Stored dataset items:
####################
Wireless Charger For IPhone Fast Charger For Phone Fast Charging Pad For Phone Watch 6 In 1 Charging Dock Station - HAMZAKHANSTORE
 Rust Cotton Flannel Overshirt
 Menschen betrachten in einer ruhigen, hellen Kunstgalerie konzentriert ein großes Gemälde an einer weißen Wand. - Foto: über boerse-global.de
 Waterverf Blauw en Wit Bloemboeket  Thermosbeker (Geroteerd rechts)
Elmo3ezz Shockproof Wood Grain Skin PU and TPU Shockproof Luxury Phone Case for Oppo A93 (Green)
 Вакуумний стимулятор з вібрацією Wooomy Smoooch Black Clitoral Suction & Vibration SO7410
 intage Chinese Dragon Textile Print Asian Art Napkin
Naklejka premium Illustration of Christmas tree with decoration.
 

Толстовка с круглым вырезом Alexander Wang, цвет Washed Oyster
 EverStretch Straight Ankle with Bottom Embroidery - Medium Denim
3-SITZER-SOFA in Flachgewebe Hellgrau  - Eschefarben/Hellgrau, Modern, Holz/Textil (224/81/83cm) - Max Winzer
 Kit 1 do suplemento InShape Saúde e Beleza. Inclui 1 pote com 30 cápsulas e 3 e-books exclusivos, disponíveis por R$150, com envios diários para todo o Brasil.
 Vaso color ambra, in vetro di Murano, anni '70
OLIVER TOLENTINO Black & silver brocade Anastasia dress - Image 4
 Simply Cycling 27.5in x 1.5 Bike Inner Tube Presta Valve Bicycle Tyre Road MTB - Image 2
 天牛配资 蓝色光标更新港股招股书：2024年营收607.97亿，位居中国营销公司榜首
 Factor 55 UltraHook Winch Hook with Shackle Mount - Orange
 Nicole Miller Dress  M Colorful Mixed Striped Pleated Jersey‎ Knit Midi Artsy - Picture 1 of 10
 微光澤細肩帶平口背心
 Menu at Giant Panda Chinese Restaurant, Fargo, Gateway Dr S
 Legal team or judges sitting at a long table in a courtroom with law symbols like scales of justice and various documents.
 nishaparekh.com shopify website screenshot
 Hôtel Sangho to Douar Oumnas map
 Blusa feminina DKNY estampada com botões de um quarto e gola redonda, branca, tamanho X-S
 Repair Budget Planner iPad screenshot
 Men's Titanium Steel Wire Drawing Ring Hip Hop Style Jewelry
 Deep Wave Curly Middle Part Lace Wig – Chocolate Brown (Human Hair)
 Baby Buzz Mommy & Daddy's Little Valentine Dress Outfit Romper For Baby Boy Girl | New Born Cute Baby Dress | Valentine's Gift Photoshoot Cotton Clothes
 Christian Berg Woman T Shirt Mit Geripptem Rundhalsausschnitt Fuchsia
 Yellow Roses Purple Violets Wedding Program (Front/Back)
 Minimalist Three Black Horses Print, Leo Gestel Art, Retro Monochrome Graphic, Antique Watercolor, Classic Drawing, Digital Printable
####################
* **EXERCISE PROMPT**
Extract the complete data, matching each line exactly.

* **WRITTEN SOLUTION**
Wireless Charger For IPhone Fast Charger For Phone Fast Charging Pad For Phone Watch 6 In 1 Charging Dock Station - HAMZAKHANSTORE
 Rust Cotton Flannel Overshirt
 Menschen betrachten in einer ruhigen, hellen Kunstgalerie konzentriert ein großes Gemälde an einer weißen Wand. - Foto: über boerse-global.de
 Waterverf Blauw en Wit Bloemboeket  Thermosbeker (Geroteerd rechts)
Elmo3ezz Shockproof Wood Grain Skin PU and TPU Shockproof Luxury Phone Case for Oppo A93 (Green)
 Вакуумний стимулятор з вібрацією Wooomy Smoooch Black Clitoral Suction & Vibration SO7410
 intage Chinese Dragon Textile Print Asian Art Napkin
Naklejka premium Illustration of Christmas tree with decoration.
 

Толстовка с круглым вырезом Alexander Wang, цвет Washed Oyster
 EverStretch Straight Ankle with Bottom Embroidery - Medium Denim
3-SITZER-SOFA in Flachgewebe Hellgrau  - Eschefarben/Hellgrau, Modern, Holz/Textil (224/81/83cm) - Max Winzer
 Kit 1 do suplemento InShape Saúde e Beleza. Inclui 1 pote com 30 cápsulas e 3 e-books exclusivos, disponíveis por R$150, com envios diários para todo o Brasil.
 Vaso color ambra, in vetro di Murano, anni '70
OLIVER TOLENTINO Black & silver brocade Anastasia dress - Image 4
 Simply Cycling 27.5in x 1.5 Bike Inner Tube Presta Valve Bicycle Tyre Road MTB - Image 2
 天牛配资 蓝色光标更新港股招股书：2024年营收607.97亿，位居中国营销公司榜首
 Factor 55 UltraHook Winch Hook with Shackle Mount - Orange
 Nicole Miller Dress  M Colorful Mixed Striped Pleated Jersey‎ Knit Midi Artsy - Picture 1 of 10
 微光澤細肩帶平口背心
 Menu at Giant Panda Chinese Restaurant, Fargo, Gateway Dr S
 Legal team or judges sitting at a long table in a courtroom with law symbols like scales of justice and various documents.
 nishaparekh.com shopify website screenshot
 Hôtel Sangho to Douar Oumnas map
 Blusa feminina DKNY estampada com botões de um quarto e gola redonda, branca, tamanho X-S
 Repair Budget Planner iPad screenshot
 Men's Titanium Steel Wire Drawing Ring Hip Hop Style Jewelry
 Deep Wave Curly Middle Part Lace Wig – Chocolate Brown (Human Hair)
 Baby Buzz Mommy & Daddy's Little Valentine Dress Outfit Romper For Baby Boy Girl | New Born Cute Baby Dress | Valentine's Gift Photoshoot Cotton Clothes
 Christian Berg Woman T Shirt Mit Geripptem Rundhalsausschnitt Fuchsia
 Yellow Roses Purple Violets Wedding Program (Front/Back)
 Minimalist Three Black Horses Print, Leo Gestel Art, Retro Monochrome Graphic, Antique Watercolor, Classic Drawing, Digital Printable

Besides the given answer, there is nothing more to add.